Christ pursues us, saves us, carries us, and rejoices over us. Luke 15:6 says the shepherd calls his friends and neighbors together and says, "Rejoice with me; I have found my lost sheep."

How long has it been since you brought so much joy to someone that the person wanted to throw you a party? How does it feel to know that your salvation brings such joy to our Almighty God?

Easter is about God's greatest expression of love for you. He stepped down from His throne in Heaven to come, seek and save each one who is lost.

Prayer: Lord, help me to fully understand how extravagantly You love me. Help me to remember that You are my shepherd and have given everything, including Your life, to rescue me. I pray in the name of Jesus. Amen.

"The Lord is gracious and compassionate, slow to anger and rich in love" (Psalm 145:8).


"I Am the Resurrection and the Life"

By Michael Youssef, Ph.D.

Just before Jesus raised Lazarus from the dead, He spoke these words to Martha: "I am the resurrection and the life. He who believes in me will live, even though he dies; and whoever lives and believes in me will never die" (John 11:25-26).
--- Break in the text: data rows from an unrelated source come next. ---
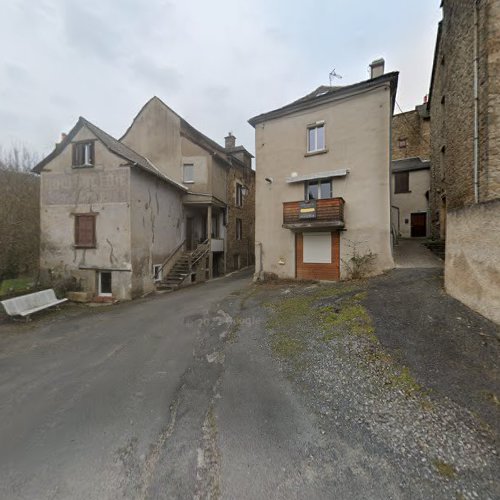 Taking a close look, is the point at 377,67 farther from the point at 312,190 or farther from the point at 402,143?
the point at 402,143

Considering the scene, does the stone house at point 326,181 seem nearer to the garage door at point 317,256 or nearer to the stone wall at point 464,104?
the garage door at point 317,256

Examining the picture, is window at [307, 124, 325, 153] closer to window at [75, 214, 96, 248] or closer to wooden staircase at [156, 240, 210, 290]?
wooden staircase at [156, 240, 210, 290]

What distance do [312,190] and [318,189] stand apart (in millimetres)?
299

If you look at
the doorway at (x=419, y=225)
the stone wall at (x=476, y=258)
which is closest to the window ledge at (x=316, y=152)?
the stone wall at (x=476, y=258)

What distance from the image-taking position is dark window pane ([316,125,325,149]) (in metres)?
11.4

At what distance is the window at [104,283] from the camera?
478 inches

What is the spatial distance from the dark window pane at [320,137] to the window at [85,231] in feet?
37.5

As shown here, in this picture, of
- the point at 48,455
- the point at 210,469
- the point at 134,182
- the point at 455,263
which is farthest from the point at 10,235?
the point at 455,263

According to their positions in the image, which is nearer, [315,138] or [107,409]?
[107,409]

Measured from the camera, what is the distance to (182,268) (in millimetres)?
14992

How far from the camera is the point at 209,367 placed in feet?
15.3

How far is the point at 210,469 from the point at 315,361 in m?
2.51

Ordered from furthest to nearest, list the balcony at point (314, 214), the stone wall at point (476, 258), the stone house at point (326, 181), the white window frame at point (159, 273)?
the white window frame at point (159, 273), the balcony at point (314, 214), the stone house at point (326, 181), the stone wall at point (476, 258)

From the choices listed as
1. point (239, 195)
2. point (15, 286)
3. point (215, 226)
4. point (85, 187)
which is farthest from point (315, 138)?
point (15, 286) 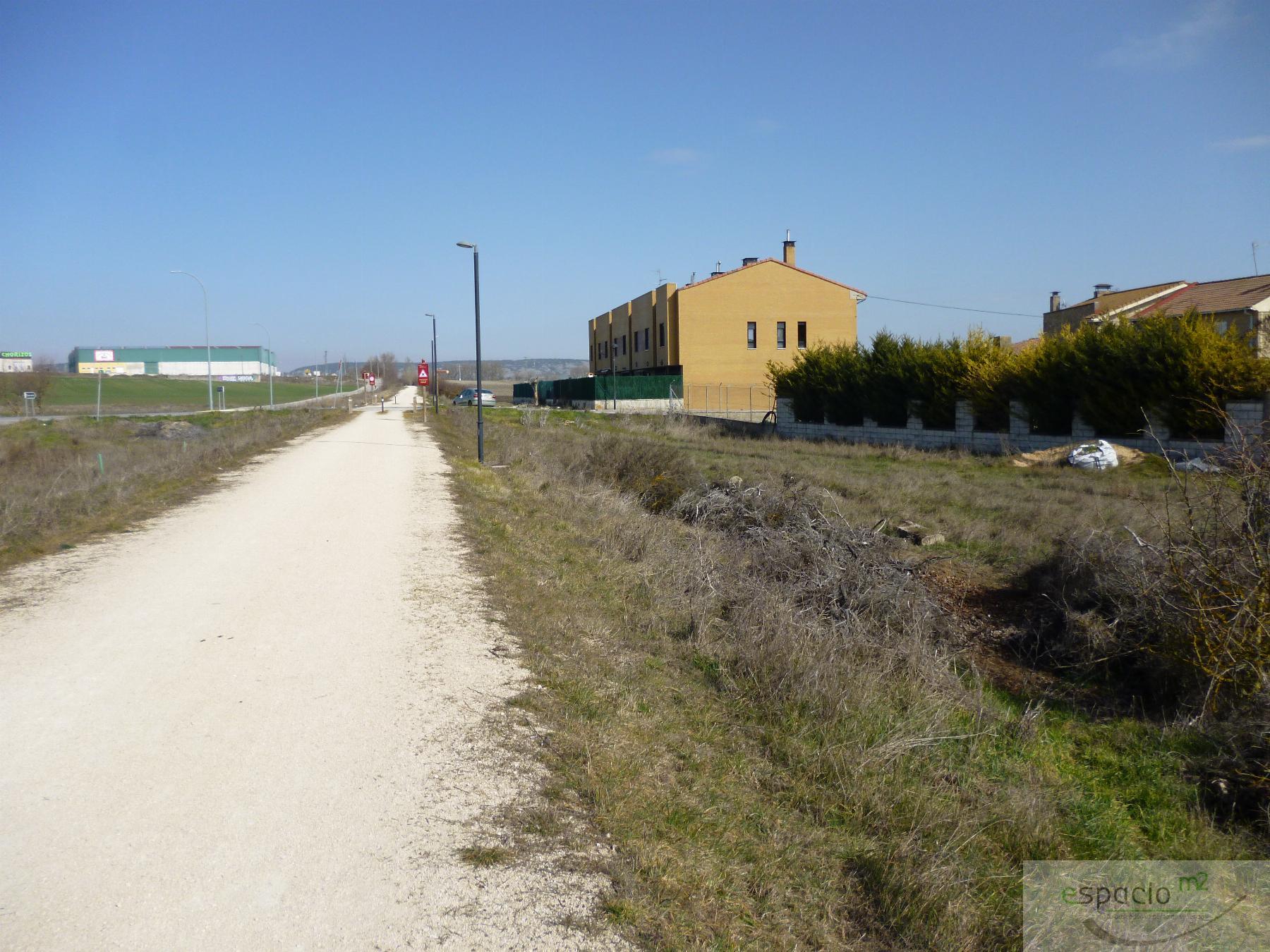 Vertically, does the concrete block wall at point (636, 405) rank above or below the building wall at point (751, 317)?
below

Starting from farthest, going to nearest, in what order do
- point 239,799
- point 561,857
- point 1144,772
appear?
point 1144,772 < point 239,799 < point 561,857

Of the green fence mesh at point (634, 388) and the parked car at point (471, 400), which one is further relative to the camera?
the parked car at point (471, 400)

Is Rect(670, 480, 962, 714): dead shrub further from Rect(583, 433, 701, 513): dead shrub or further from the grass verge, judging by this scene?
the grass verge

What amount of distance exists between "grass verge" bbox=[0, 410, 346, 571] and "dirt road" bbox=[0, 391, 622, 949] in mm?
2153

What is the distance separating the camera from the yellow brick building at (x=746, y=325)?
54.2m

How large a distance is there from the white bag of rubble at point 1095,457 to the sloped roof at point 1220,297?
16.2 metres

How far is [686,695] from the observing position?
653cm

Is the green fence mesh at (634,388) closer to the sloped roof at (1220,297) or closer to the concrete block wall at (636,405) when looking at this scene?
the concrete block wall at (636,405)

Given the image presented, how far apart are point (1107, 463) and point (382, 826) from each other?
21911 mm

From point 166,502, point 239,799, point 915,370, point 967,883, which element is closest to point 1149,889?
point 967,883

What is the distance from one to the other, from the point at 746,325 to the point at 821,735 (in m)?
50.8

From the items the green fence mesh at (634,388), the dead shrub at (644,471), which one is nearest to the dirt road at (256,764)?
the dead shrub at (644,471)

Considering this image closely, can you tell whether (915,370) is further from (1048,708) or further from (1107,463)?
(1048,708)

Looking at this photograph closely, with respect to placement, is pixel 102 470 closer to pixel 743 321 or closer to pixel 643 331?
pixel 743 321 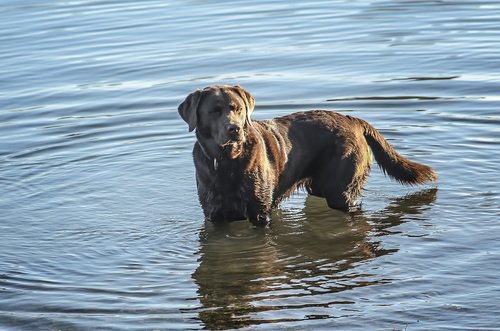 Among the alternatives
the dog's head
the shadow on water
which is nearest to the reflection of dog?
the dog's head

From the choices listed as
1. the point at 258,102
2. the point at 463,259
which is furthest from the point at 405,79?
the point at 463,259

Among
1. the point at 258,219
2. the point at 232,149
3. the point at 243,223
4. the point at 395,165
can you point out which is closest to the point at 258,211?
the point at 258,219

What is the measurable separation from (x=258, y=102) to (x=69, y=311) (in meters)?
6.47

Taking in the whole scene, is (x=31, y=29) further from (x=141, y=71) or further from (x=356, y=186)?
(x=356, y=186)

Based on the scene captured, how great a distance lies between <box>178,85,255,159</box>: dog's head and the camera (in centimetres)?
853

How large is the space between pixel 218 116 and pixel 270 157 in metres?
0.76

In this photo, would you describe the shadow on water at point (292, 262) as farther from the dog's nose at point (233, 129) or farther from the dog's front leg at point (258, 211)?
the dog's nose at point (233, 129)

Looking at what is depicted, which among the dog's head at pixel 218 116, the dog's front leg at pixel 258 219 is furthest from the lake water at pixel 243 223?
the dog's head at pixel 218 116

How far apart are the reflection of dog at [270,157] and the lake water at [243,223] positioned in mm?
304

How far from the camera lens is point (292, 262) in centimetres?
846

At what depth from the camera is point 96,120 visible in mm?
13242

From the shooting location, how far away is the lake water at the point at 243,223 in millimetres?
7496

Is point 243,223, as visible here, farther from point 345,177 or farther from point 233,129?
point 233,129

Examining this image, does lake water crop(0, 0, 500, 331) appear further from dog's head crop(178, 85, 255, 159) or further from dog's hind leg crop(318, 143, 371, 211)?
dog's head crop(178, 85, 255, 159) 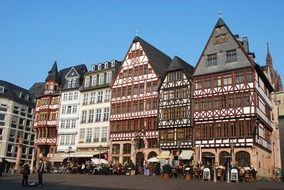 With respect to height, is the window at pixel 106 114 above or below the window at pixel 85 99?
below

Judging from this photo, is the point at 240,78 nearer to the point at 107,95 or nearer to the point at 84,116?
the point at 107,95

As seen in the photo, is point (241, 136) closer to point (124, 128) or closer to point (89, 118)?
point (124, 128)

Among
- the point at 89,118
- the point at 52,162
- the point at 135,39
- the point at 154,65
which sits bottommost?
the point at 52,162

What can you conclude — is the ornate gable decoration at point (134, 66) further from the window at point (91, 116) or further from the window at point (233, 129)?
the window at point (233, 129)

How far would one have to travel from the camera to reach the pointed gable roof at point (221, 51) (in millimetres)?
39438

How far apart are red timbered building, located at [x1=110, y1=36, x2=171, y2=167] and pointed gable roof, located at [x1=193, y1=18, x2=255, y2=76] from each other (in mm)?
6905

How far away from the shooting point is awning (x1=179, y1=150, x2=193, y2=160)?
132 ft

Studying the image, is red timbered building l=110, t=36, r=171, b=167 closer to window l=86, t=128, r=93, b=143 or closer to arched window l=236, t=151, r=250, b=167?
window l=86, t=128, r=93, b=143

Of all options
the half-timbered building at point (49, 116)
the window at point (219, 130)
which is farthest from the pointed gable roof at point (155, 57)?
the half-timbered building at point (49, 116)

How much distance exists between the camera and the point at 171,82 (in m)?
44.8

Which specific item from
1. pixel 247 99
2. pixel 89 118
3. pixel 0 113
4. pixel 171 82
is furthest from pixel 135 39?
pixel 0 113

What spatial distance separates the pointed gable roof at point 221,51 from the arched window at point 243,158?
30.8 ft

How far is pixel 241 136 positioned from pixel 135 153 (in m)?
14.7

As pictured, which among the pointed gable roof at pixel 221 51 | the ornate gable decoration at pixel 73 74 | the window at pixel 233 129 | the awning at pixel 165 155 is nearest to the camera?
the window at pixel 233 129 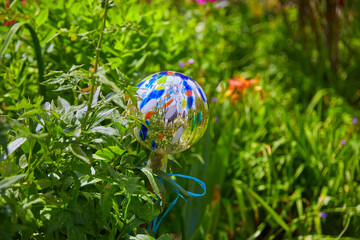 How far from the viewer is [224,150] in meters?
2.14

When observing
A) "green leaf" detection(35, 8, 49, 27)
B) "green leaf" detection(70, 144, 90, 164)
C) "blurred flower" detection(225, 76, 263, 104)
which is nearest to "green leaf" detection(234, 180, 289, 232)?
"blurred flower" detection(225, 76, 263, 104)

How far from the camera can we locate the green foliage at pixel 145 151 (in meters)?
1.03

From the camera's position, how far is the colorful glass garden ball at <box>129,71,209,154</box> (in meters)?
1.20

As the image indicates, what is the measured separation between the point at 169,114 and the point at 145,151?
202 mm

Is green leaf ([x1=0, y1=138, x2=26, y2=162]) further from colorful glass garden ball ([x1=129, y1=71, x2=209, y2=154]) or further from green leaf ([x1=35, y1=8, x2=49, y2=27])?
green leaf ([x1=35, y1=8, x2=49, y2=27])

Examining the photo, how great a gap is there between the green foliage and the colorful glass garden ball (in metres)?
0.07

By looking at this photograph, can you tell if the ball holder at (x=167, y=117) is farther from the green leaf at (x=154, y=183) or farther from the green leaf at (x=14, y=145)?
the green leaf at (x=14, y=145)

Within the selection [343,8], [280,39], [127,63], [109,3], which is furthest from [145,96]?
[280,39]

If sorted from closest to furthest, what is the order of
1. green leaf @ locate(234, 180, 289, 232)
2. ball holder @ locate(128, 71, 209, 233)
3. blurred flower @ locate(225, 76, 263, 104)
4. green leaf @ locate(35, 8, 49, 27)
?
1. ball holder @ locate(128, 71, 209, 233)
2. green leaf @ locate(35, 8, 49, 27)
3. green leaf @ locate(234, 180, 289, 232)
4. blurred flower @ locate(225, 76, 263, 104)

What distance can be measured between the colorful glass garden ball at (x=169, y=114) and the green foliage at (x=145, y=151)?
66 mm

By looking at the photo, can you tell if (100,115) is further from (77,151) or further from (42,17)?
(42,17)

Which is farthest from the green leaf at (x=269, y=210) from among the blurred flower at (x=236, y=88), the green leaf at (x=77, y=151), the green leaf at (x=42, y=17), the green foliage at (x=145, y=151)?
the green leaf at (x=77, y=151)

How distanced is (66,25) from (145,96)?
0.73m

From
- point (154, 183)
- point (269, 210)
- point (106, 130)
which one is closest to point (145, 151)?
point (154, 183) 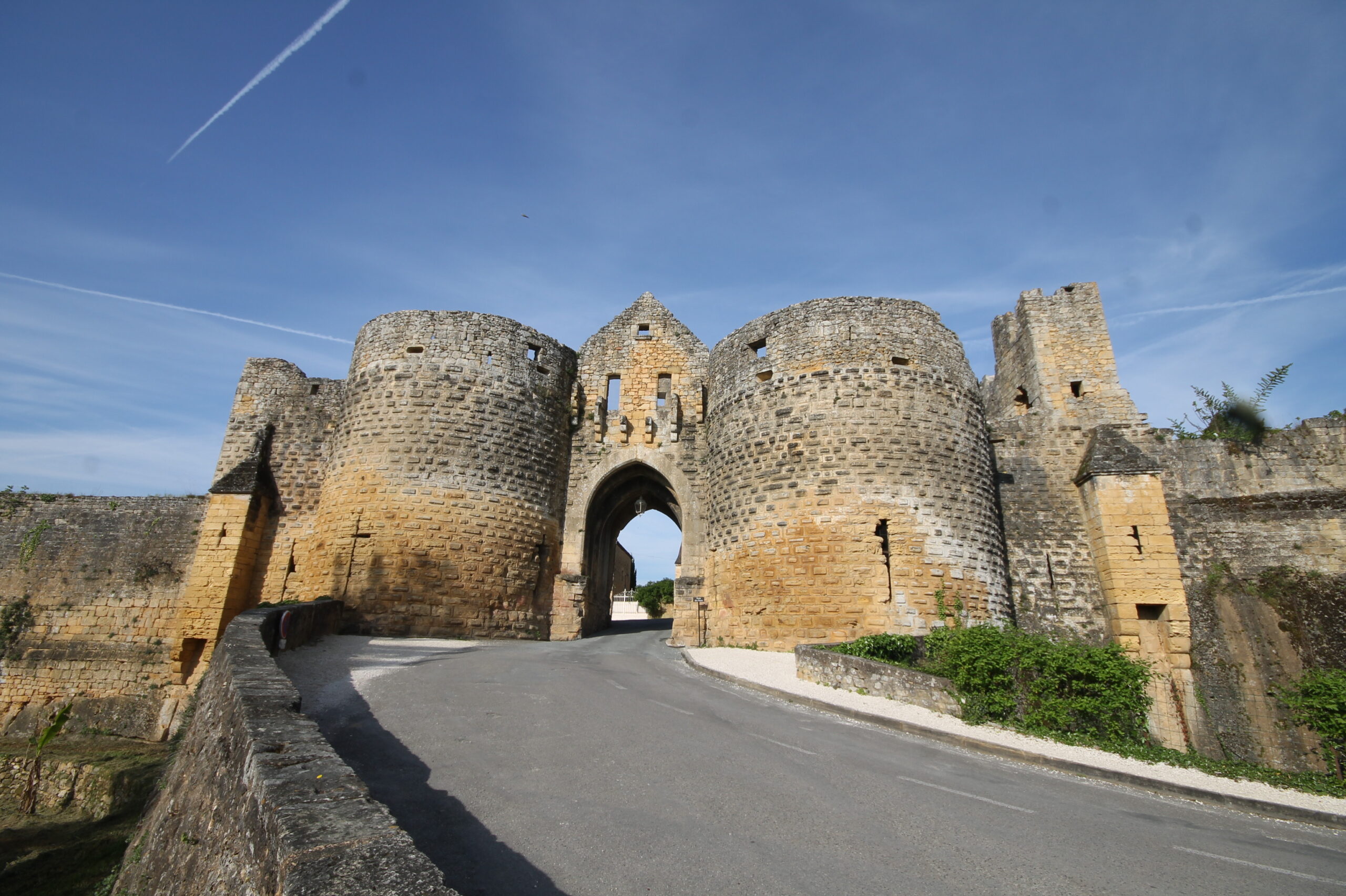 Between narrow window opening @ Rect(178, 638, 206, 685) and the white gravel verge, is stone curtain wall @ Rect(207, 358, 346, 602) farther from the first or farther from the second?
the white gravel verge

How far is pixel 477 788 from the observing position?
4609 millimetres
When the stone was removed, Jesus commanded Lazarus to come out of the grave - and he did.

When you were dead in your sins, God called you by name. You were called to come out of your sins and to experience the power of the Resurrection.

Jesus also faced death, but God raised Him from the dead. It was not like Lazarus's resurrection, because Lazarus later died again.

The Bible says that Jesus died, was buried, was raised, and appeared numerous times after the Resurrection. Christ's tomb was empty then; it remains empty today. He is our risen Lord and Savior.

Even the Romans, with all their power, could not produce His body. The Jewish leaders, with all their hatred and bitterness toward Jesus, could not produce His body. And if the disciples stole His body, as some asserted, can you imagine the disciples' willingness to die for a hoax they themselves had perpetrated?

Instead, Jesus appeared to Mary and told her, "Go ... to my brothers and tell them, ‘I am returning to my Father and your Father, to my God and your God'" (John 20:17).

Have you experienced the power of the resurrection? Are you living in triumph or defeat? Jesus conquered the grave, and you can also conquer eternal death - but only by placing your faith in Him. He sacrificially died on the cross for your sins and rose again, that you might spend eternity with Him.

Prayer: Lord, thank You for eternal life through grace by faith in Christ. May I live my life in the power of the resurrection. I pray in the name of Jesus. Amen.

"Thanks be to God! He gives us the victory through our Lord Jesus Christ" (1 Corinthians 15:57).